> THE PROBLEM:
Only the lines below, from the one with "LEGO part element render in color 7 - Light Gray LEGO" through the one with "Phoenix Leather Crossbody Bag", are to be written out, exactly.

ENTRIES SUPPLIED Block Start

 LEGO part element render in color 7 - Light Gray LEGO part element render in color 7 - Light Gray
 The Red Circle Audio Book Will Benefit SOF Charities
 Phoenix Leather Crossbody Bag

ENTRIES SUPPLIED Block End
ENTRIES SUPPLIED Block Start

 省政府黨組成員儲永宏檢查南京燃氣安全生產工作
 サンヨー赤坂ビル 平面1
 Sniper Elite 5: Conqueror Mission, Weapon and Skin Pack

ENTRIES SUPPLIED Block End
ENTRIES SUPPLIED Block Start

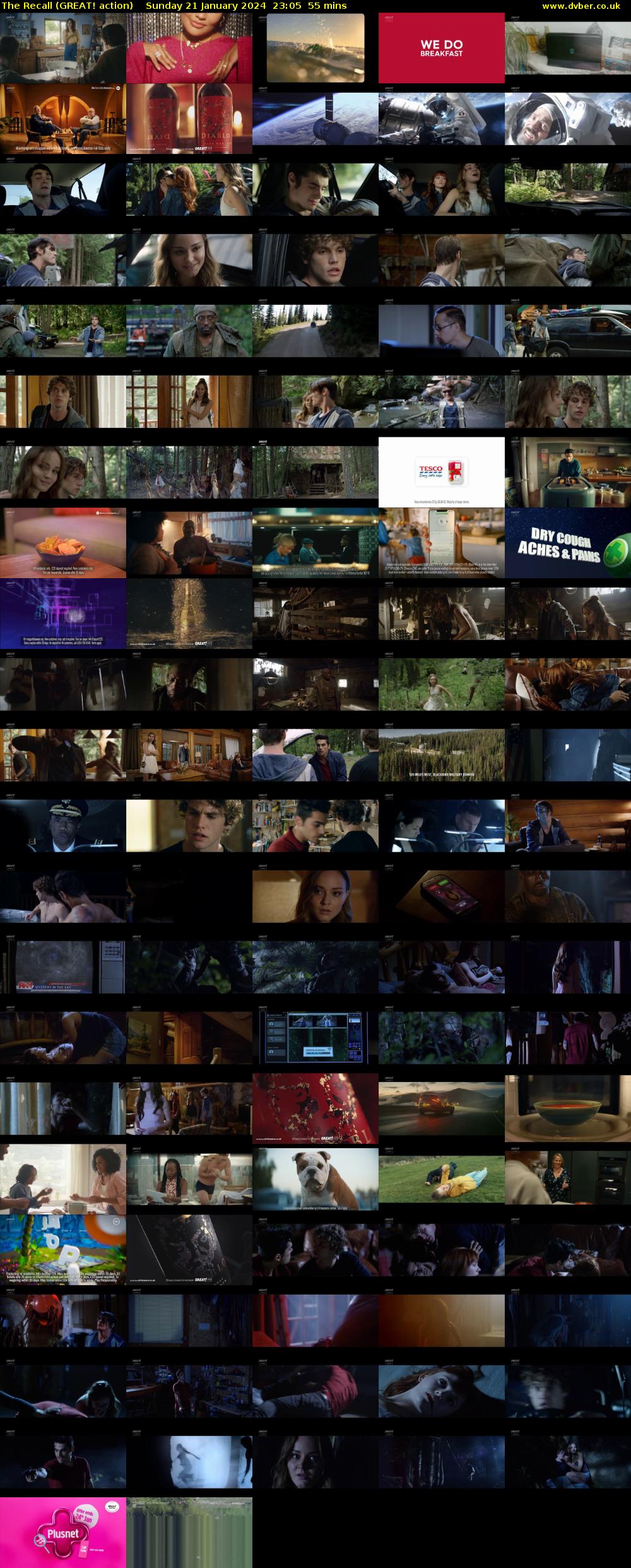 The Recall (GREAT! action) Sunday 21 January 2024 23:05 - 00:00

ENTRIES SUPPLIED Block End

> RESULT OF THE TASK:
 LEGO part element render in color 7 - Light Gray LEGO part element render in color 7 - Light Gray
 The Red Circle Audio Book Will Benefit SOF Charities
 Phoenix Leather Crossbody Bag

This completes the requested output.